Varices en verano. Consejos para aliviar la hinchazón cuando el calor aprieta

 

Durante el verano, las elevadas temperaturas pueden causar la dilatación de las venas y muchas veces, problemas circulatorios. Estos cambios en el sistema vascular pueden manifestarse como sensación de piernas pesadas, doloridas, hormigueo, hinchazón y celulitis

Nuestro organismo, para funcionar correctamente, necesita una temperatura corporal estable. Para regular esta temperatura, el cuerpo produce una vasodilatación (dilatación de las venas) y esto nos ayuda a perder calor.

Debido a las altas temperaturas del verano, y me temo que esto va a ser cada año peor, las venas se dilatan más y, por lo tanto, hay una mayor acumulación de sangre venosa, especialmente en las piernas, por el efecto añadido de la fuerza de la gravedad, esto es lo que hace que tengamos más pesadez e hinchazón, entre otros síntomas de la insuficiencia venosa, en las épocas de calor.

¿Se puede prevenir?

Estas molestias pueden mejorarse siguiendo un estilo de vida saludable, con ejercicio adecuado, dieta equilibrada, manteniendo un peso adecuado y con medidas posturales (elevar las piernas, por encima del nivel del corazón, cuando sea posible) además de activar la bomba muscular realizando ejercicios de contracción/relajación de la zona del gemelo o pantorrilla.

Para la prevención es fundamental el uso de medias de compresión, tanto si tenemos síntomas, como si lo que queremos es prevenir la aparición de estos cuando, por ejemplo, tenemos un trabajo sedentario. Tienen una tecnología por la que ejercen una presión gradual desde el tobillo, donde comprime más, hasta el muslo, favoreciendo el vaciado de nuestras venas y, por tanto, su drenaje hacia el corazón.

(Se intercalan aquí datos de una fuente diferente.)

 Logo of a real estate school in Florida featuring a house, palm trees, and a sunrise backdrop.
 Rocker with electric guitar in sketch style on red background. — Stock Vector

Durante el verano podemos descansar de ellas, exceptuando aquellas personas con síntomas muy severos o casos avanzados de la patología. Si queremos usarlas de forma preventiva en verano, es bueno saber que existen medias específicas para este periodo con efecto frescor e incluso con puntera abierta para que podamos llevarlas con sandalia y que sean más agradables también desde el punto de vista estético.

Además, en algunos casos, y siempre que nos lo indique nuestro médico, habrá que asociar tratamiento farmacológico con flebotónicos.

¿A quién afectan las piernas cansadas?

Existen diferentes factores de riesgo de padecer insuficiencia venosa:

·      Hereditarios, si tus padres o abuelos tienen varices, es muy probable que tú también las padezcas a lo largo de tu vida.

·      Hormonas femeninas. En las mujeres, las hormonas femeninas disminuyen la resistencia de la pared venosa y la hacen más propensa a dilatarse.

·      Embarazo. Los cambios hormonales, la propia compresión abdominal y la dificultad física para el drenaje venoso, pueden hacer aparecer o empeorar las varices que ya teníamos.

·      Trabajo sedentario. La actividad laboral, trabajar de pie, sentado o sometido a altas temperaturas durante muchas horas, favorece la aparición de varices.

·      Sobrepeso y obesidad.

·      La edad, el 50% de las personas mayores de 50 años, tienen algún grado de insuficiencia venosa.

¿Cómo influyen el sol y el calor en las varices?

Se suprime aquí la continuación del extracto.